The interior materials of the Soul felt, OK. By OK, I mean there was nothing objectionable about them at the price, but the look and feel of it wasn’t any improvement over the previous generation. The instrument panel looks the same as every Kia for the last four or five years. The infotainment screen and it’s graphics look straight out of 2015. Again, they are fine, and at the price, I’m not expecting Genesis levels of refinement. However in the past where I felt you were getting good value for your money with the Soul, now it just feels very average, almost like they mailed it in.

There were other small items. Of all the windows, only the driver’s window has auto-down, but no auto up. That is just like my personal vehicle, a 2005 Honda Element. There were no heated seats, whereas ten years ago you could find those in a mid-level trim Forte. The sound from the stereo was average at best. For a vehicle that is marketed towards a younger demographic, who will want to bump some tunes, well, you can have tunes, you just won’t be bumping them. Also, no SiriusXM in the system. Now, I don’t care about that, but just about everything new comes with it.

The fuel economy for the Soul was good. It is EPA rated at 27 city, 33 highway, and 30 combined. I got just about book on it, which is unusual on Winter gas. I typically see a one to three mpg drop for combined and highway during the winter months because of the fuel, here I did not.

After a week with the vehicle and putting about 300 miles in it, I didn’t care about it. It was just there. It was just an appliance. When they came to pick it up, I couldn’t hand the keys over fast enough, and that is sad and unfortunate.

In a world where everything needs to be a crossover these days, sure this was already a crossover, but it was funky and fun enough that you didn’t care. It was more “tall cube”. The exterior styling on it remains good for me. It still retains a quirkiness to it. The interior, again for me, not different enough or updated enough from the last generation. Driving it was just not fun. The tires, the transmission, the lack of power (147 horsepower), that combination made it, maybe not a chore to drive, but certainly, nothing to look forward to.

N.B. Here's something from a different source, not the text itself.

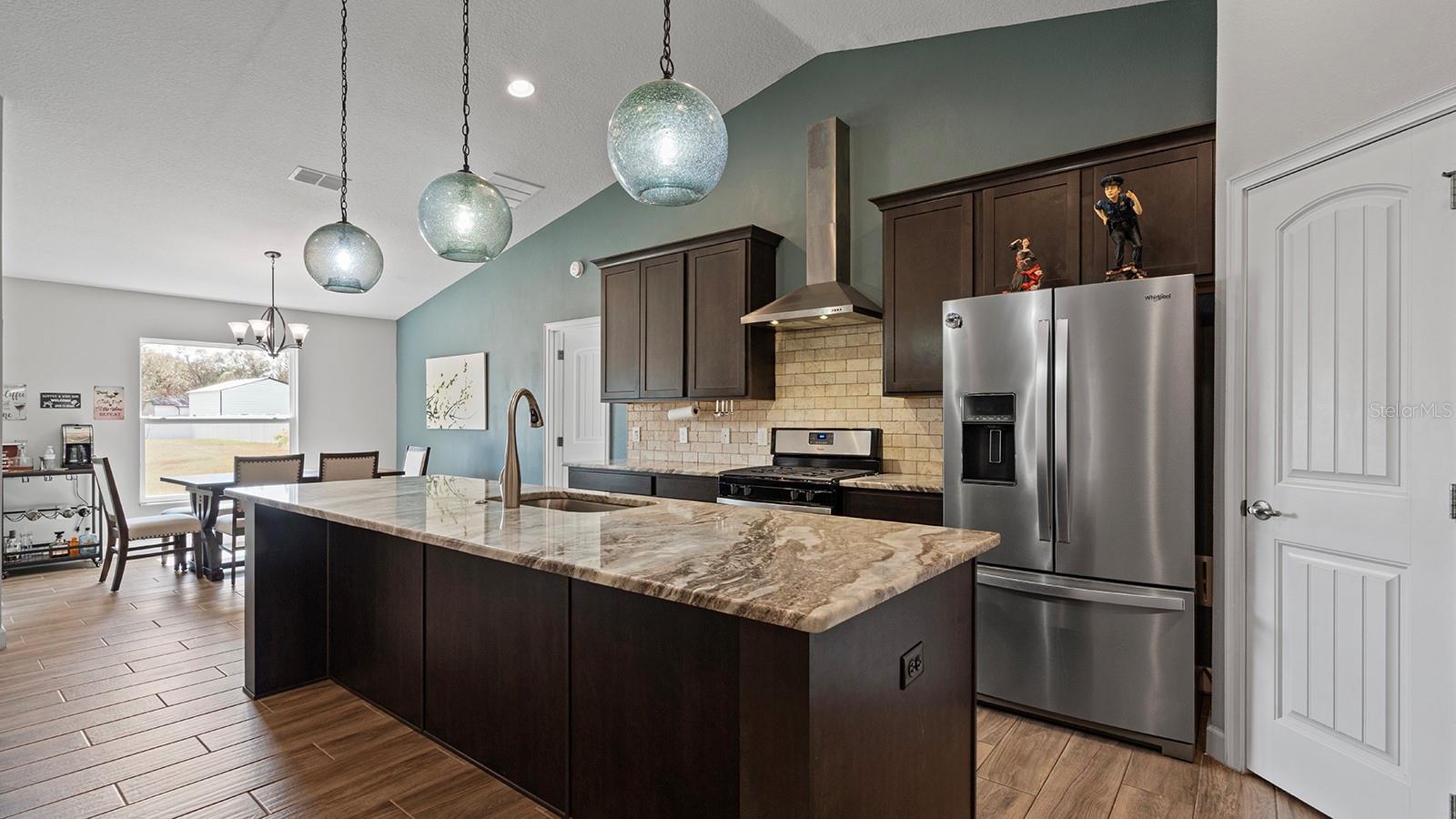 Image 10 of 38 For 4840 Old Oak Trail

If this is your first new vehicle, and you are dropping $22-$23 grand on it, you might feel a little disappointed.

I think that the operative word for Kia Soul, at least in X-Line trim is disappointing. That thought comes from the fact that I had looked forward to this coming in for review and it was a large letdown. What we need more of are fun, funky, quirky vehicles. Of late everything is looking the same and driving the same. Everything seems to be bland, milquetoast, forgettable crossovers. The Soul was something that used to have some, the name was appropriate. But now, it seems to have gone missing. Kia, time to go back to work.

You did such a great job with the Telluride, can’t you sprinkle a little of that magic on the Soul?